[BugFix]: Sparse2of4 example sparsity-only case (#1282)

rahul-tuli · web-flow · commit 8f6a0b5fc939 · 2025-03-25T11:56:50.000-04:00
The Sparse2of4 example supports two modes of operation: - Sparsity-only - Sparsity + Quantization (only supported for symmetric quantization) In a recent update, we removed the `ConstantPruningModifier` from the Sparse2of4 example and added a check to raise an error if **asymmetric quantization** was being used. However, this check was incorrectly placed outside the quantization-specific code path and unconditionally accessed the scheme attribute from the quantization modifier. This caused failures in sparsity-only cases, as reported in [INFERENG-483](https://issues.redhat.com/browse/INFERENG-483). ### Fix This PR moves the asymmetric quantization check inside the quantization code path to ensure it is only evaluated when quantization is actually enabled. ### Testing The example was tested by running it both with and without the `--fp8` flag. In both cases, successful completion was verified. Signed-off-by: Rahul Tuli <rahul@neuralmagic.com>
diff --git a/examples/sparse_2of4_quantization_fp8/llama3_8b_2of4.py b/examples/sparse_2of4_quantization_fp8/llama3_8b_2of4.py
@@ -60,13 +60,13 @@ def get_recipe(fp8_enabled):
         )
         save_dir = MODEL_ID.split("/")[1] + "2of4-W8A8-FP8-Dynamic-Per-Token"
 
-    # check that asymmetric quantization is not being used
-    q_scheme = base_recipe[1].scheme
-    if not isinstance(q_scheme, str) and not q_scheme["weights"].symmetric:
-        raise ValueError(
-            "Asymmetric quantization with 2of4 sparsity is not supported by vLLM. "

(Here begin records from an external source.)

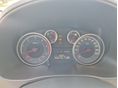 SUZUKI SX4 2011/10 - 6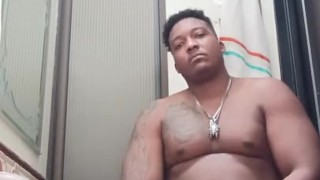 Bigdickhotblackcocklatino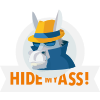 HideMyAss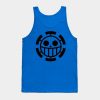 35735473 0 2 - One Piece Shop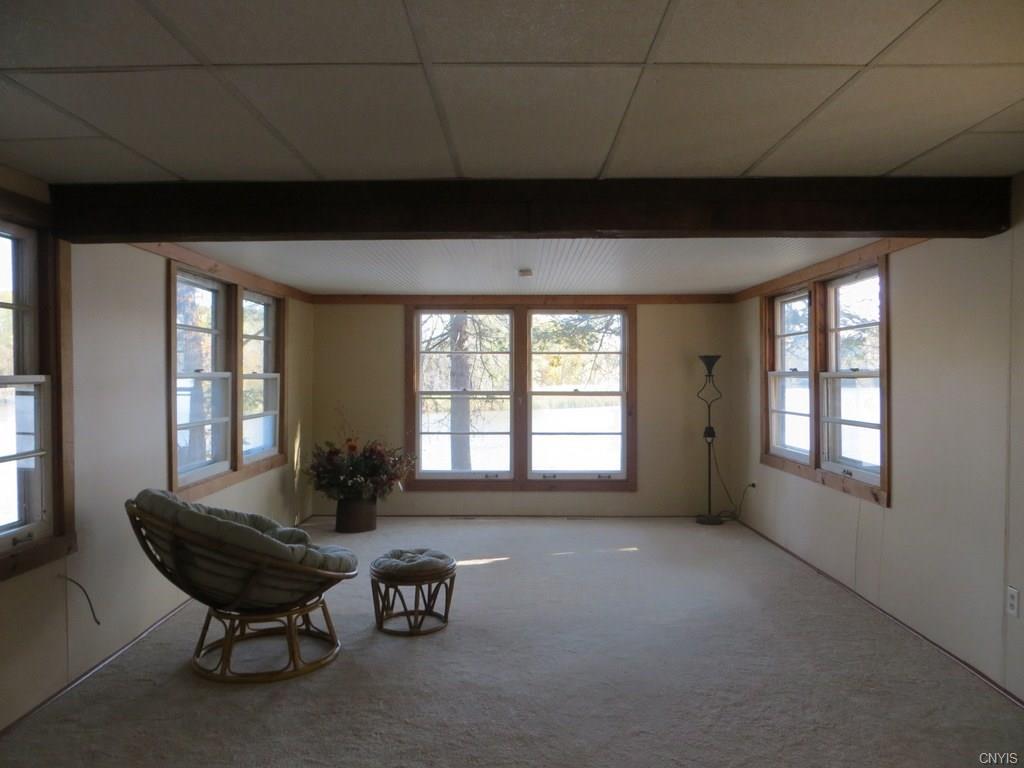 2220 State Route 48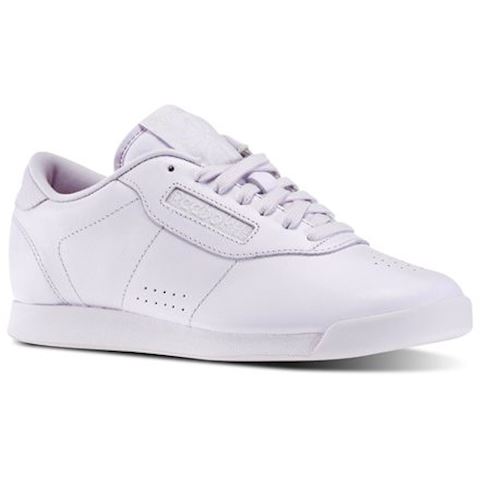 reebok x face stockholm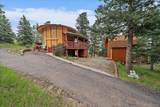 475 Circle Drive - Photo 38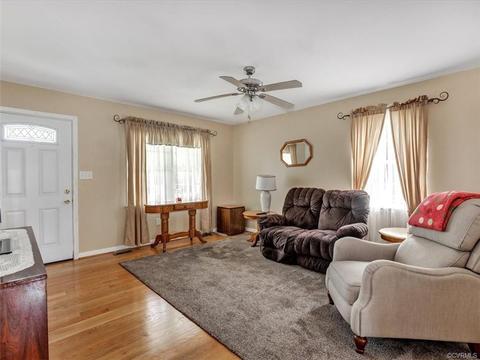 7231 Railroad Bed Rd, Carson, VA 23830 photo 6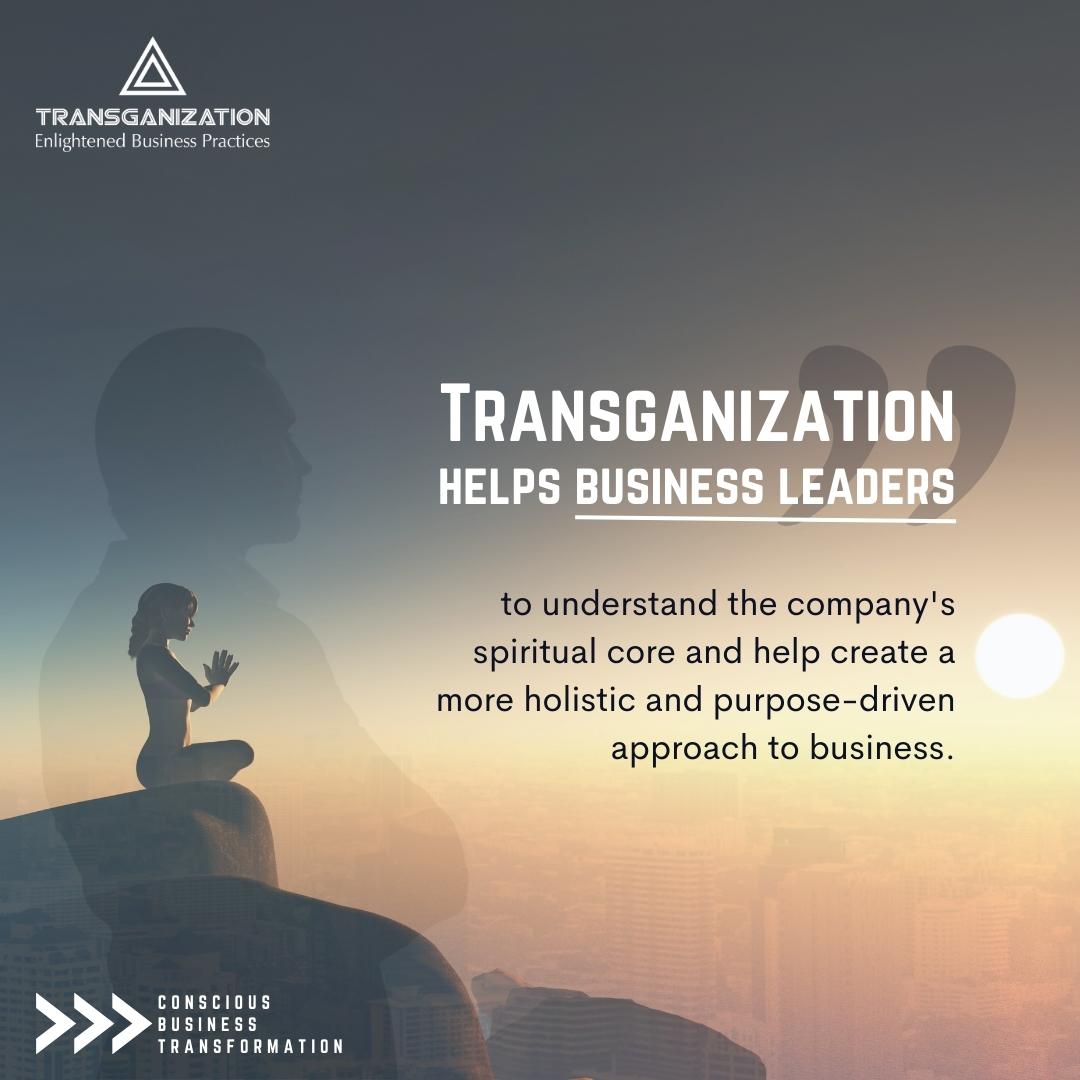 TransGanization's tweet image. Unlock the full potential of your business by discovering the true purpose of your business.
.
#transganization
.
.
.
.
#consultancy #spiritualsuccess #innerstrength #businesscoach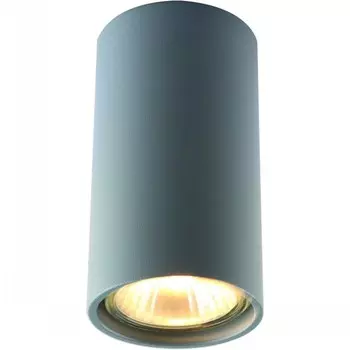 Divinare GAVROCHE 1354/05 PL-1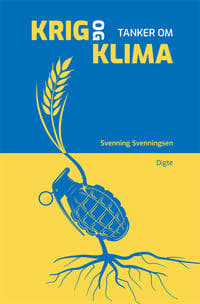 Tanker om krig og klima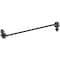 Mevotech 09-12 Chev Traverse/07-11 Gmc Acadia Stblzr Link Kit, Gs50802 GS50802 - alternate 2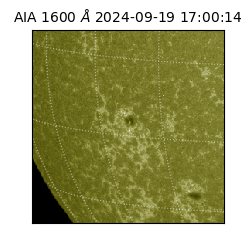 saia - 2024-09-19T17:00:14.118000
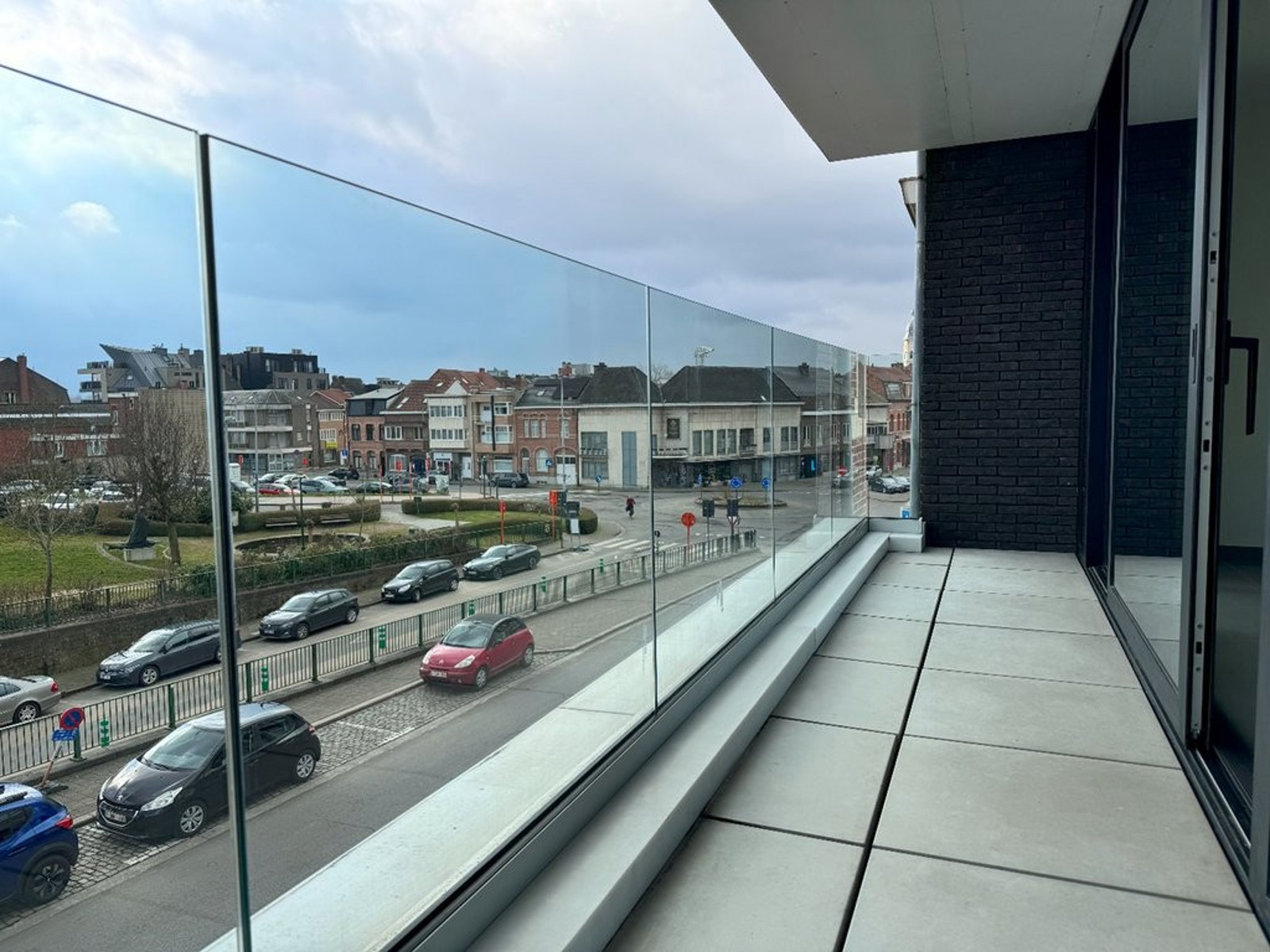 Luxueus appartement met 2 slaapkamers.  - foto 5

-            "Please use symmetric quantization"
-        )
+        # check that asymmetric quantization is not being used
+        q_scheme = base_recipe[1].scheme
+        if not isinstance(q_scheme, str) and not q_scheme["weights"].symmetric:
+            raise ValueError(
+                "Asymmetric quantization with 2of4 sparsity is not supported by vLLM. "
+                "Please use symmetric quantization"
+            )
 
     return base_recipe, save_dir